Shion: Blade of the Minstrel

Yu Kinutani – Viz – 1990 – 1 volume

Here’s the second book in the Viz Spectrum line that looks to have included three books.  I’ve already covered Hotel Harbour View by the wonderful Jiro Taniguchi, and I’ve got one more I’ll get to a little later in the week.  These all share a notable unusual format in common.  All are around 80 pages, magazine sized, and have clear vinyl jackets with ridged lines patterned into them.  Shion also has foil printing on the cover, and I think all three have ornate endpapers and vellum title pages.  They are very nice, and Shion is my favorite of the three.

This has more to do with the intricate artwork and the lyrical storytelling than the plot or characters.  I was really blown away by the artwork, which is as intricate and detailed as Kentaro Miura, and looks great at the larger size.  His backgrounds and character designs all look great, though he lacks some of the polish of Miura when it comes to monsters and some other details.  The main character is a traveling minstrel out to slay evil monsters, so there is an almost poetic narration that goes along with his stories that works very well in translation.  The first story in the volume is more an illustrated story than it is a comic, there is very little dialogue and most of the panels are just narrated actions, but it works great.  The second is a more traditional comic, and is the longer of the two.

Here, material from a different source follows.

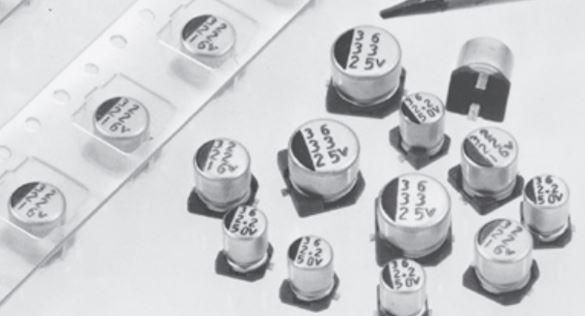 NIC Components-NASE100M50V6.3X5.5NBF Capacitor Aluminum Electrolytic Cap Aluminum Lytic 10uF 50V 20% (6.3 X 5.5mm) SMD 19.9 Ohm 0.035A 2000h 85°C T/R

It’s unusual.  It strikes me as very, very American.  The art and action is very static, and the pictures that go along with narration is very common in American comics (especially old ones) and almost nonexistent in Japanese manga.  The art is also more American-looking than Japanese (even though I compared it to Kentaro Miura, but I’d say the same thing of him).  Of course, I’m completely ignorant of all European comics that aren’t related to 2000 AD, and the artist lists Moebius as one of his influences.  Perhaps it’s very European.  The story has an old European folklore flavor, though it is slightly less surreal than what I understand the work of Moebius to be.  I wish… I wish there were Moebius reprints in English so I could just know.

The story is okay.  I tend to like these sorts of old-fashioned stories that model themselves off old legends and folktales.  The gist is that Shion is hunting demons.  In the first story, we are led through a tale of childhood revenge against a demon that possessed his father and ate his eye as a boy.  The second story is about Shion happening across twin sorcerers who control men with orbs in their heads, and he gets advice from an old God and a talking… shaggy goat thing that tell him how to defeat the sorcerers before they can capture him and hand him over to whatever greater evil he is hunting.  They are simple stories, but well executed, and I was very satisfied.

There’s also an essay in the back that draws parallels between Shion and older legends.  It’s informative, but I liked the essay in the back of Hotel Harbour View a bit better.  I always appreciate when a little extra work goes into informing a volume of manga, though.

Awesome stuff.  Track it down if you can.